> [Material supplied]
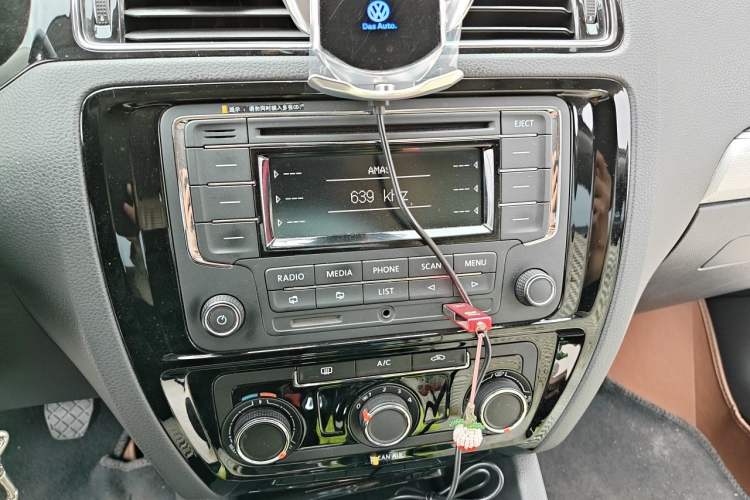 Used Volkswagen Sagitar 2015 1.6L Manual Comfort Model Audio And AC Panel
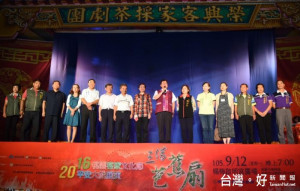 鄭市長表示，為讓鄉親體驗平安戲200多年的傳統，市府連續兩年舉行平安戲。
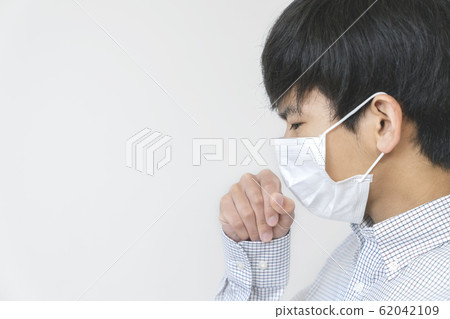 Boy coughing mask Boy coughing mask 62042109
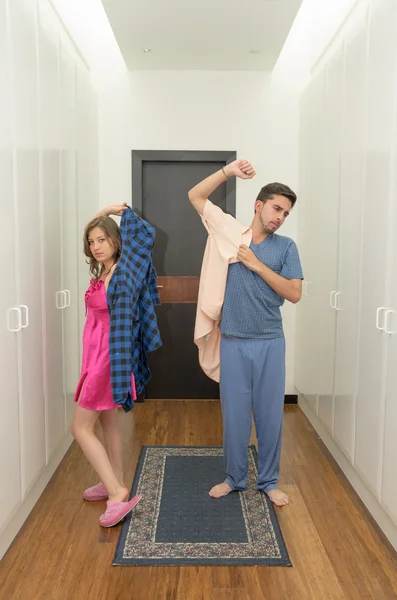 Couple drôle s'habiller en pyjama — Photo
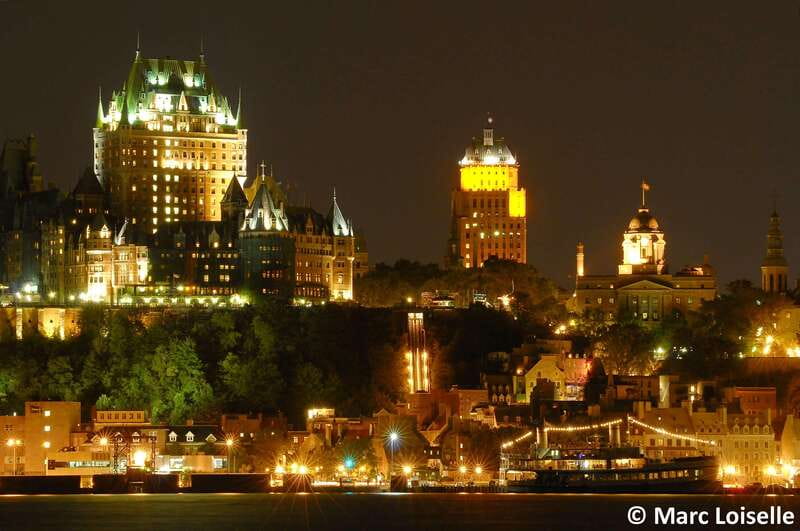 Québec City: 2-Hour Cocktail & DJ Evening Cruise - The cocktail is included, but your choice is limited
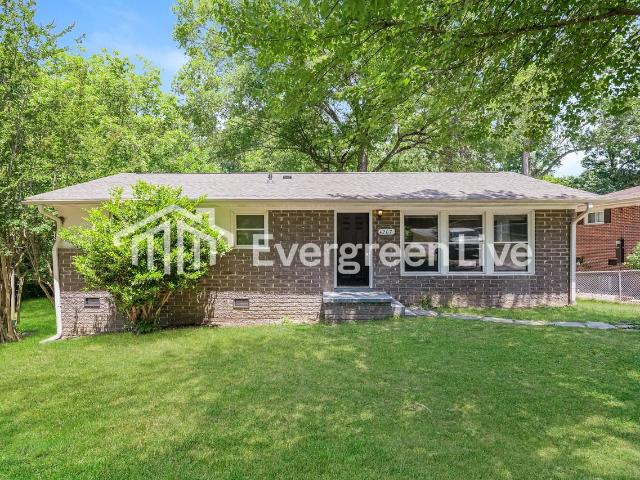 4 Bedroom Home for Rent at 4207 Hampshire Dr, Greensboro, NC 27405 Glendale Hills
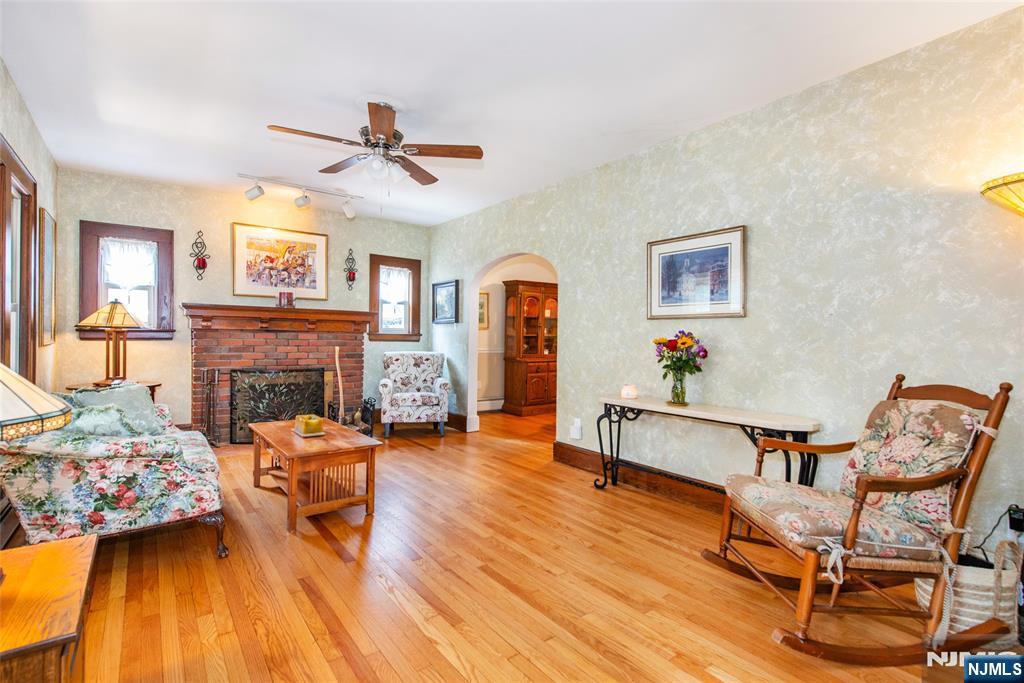 5th image of 42 Otsego Rd, Verona, NJ 07044 | MLS# 26027284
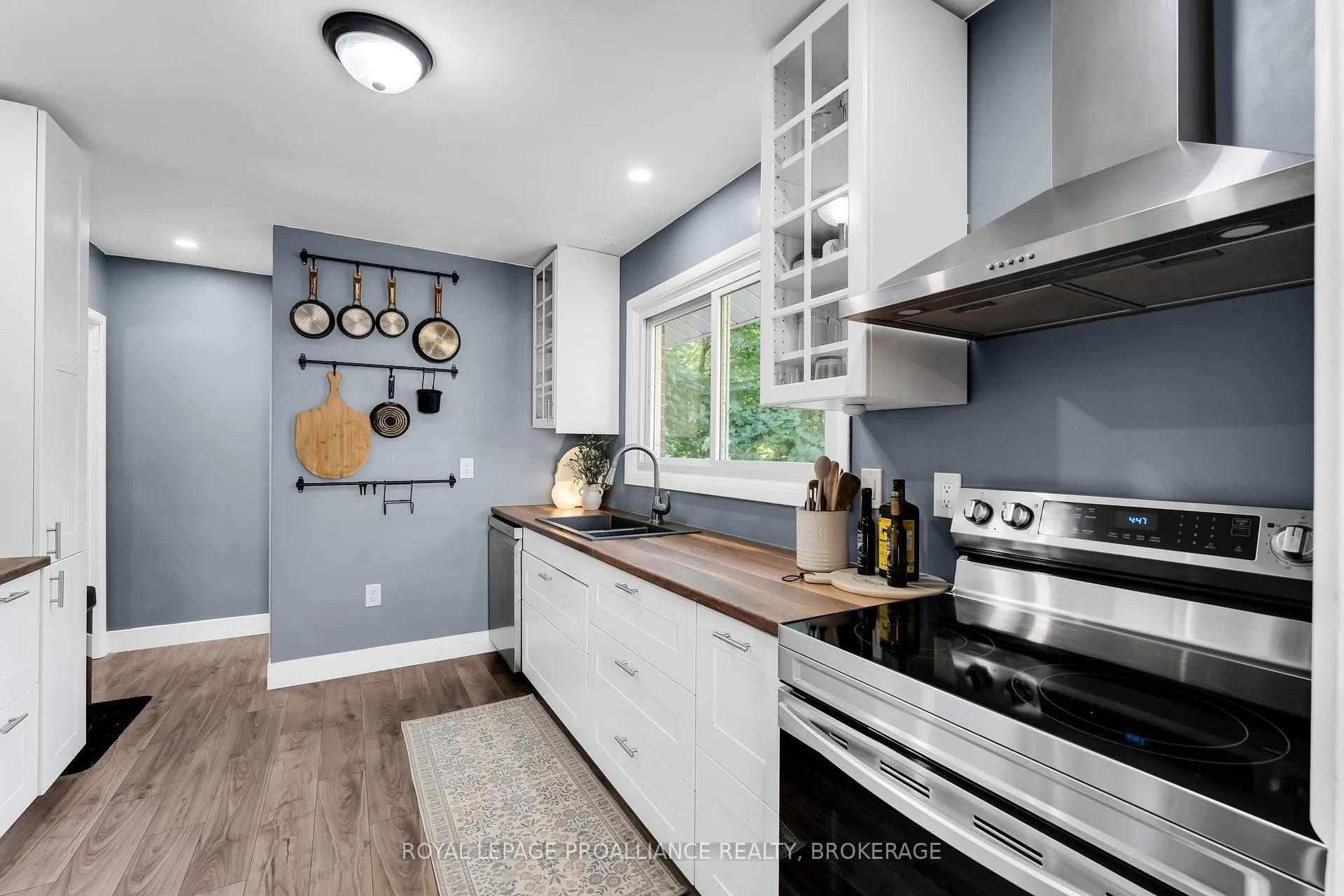 Photo 13 of 650 Steel Street, Gananoque — HOMEH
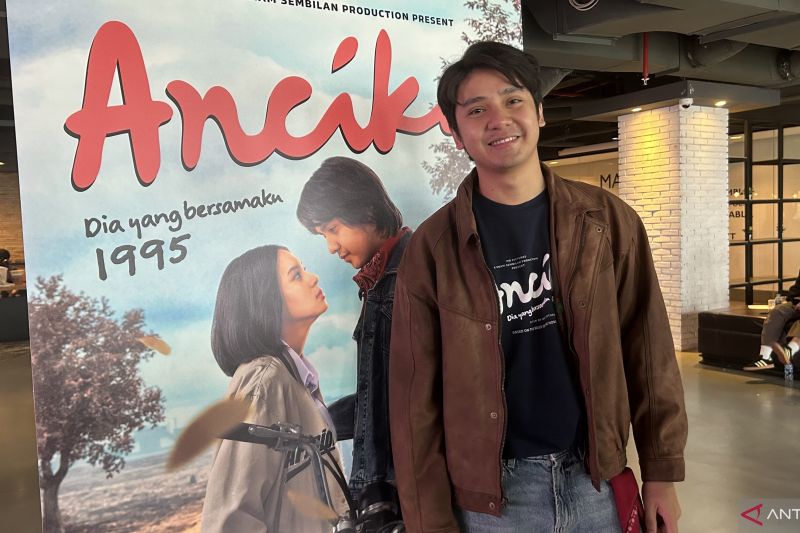 Arbani Yasiz Ceritakan Suka Duka Perankan Dilan di Film "Ancika 1995"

> [Task objective] Leave every picture out, and reproduce exactly the lines from the line bearing "4 Bedroom Home" through the closing line of the material above.

> [Result of the exercise]
 4 Bedroom Home for Rent at 4207 Hampshire Dr, Greensboro, NC 27405 Glendale Hills
 5th image of 42 Otsego Rd, Verona, NJ 07044 | MLS# 26027284
 Photo 13 of 650 Steel Street, Gananoque — HOMEH
 Arbani Yasiz Ceritakan Suka Duka Perankan Dilan di Film "Ancika 1995"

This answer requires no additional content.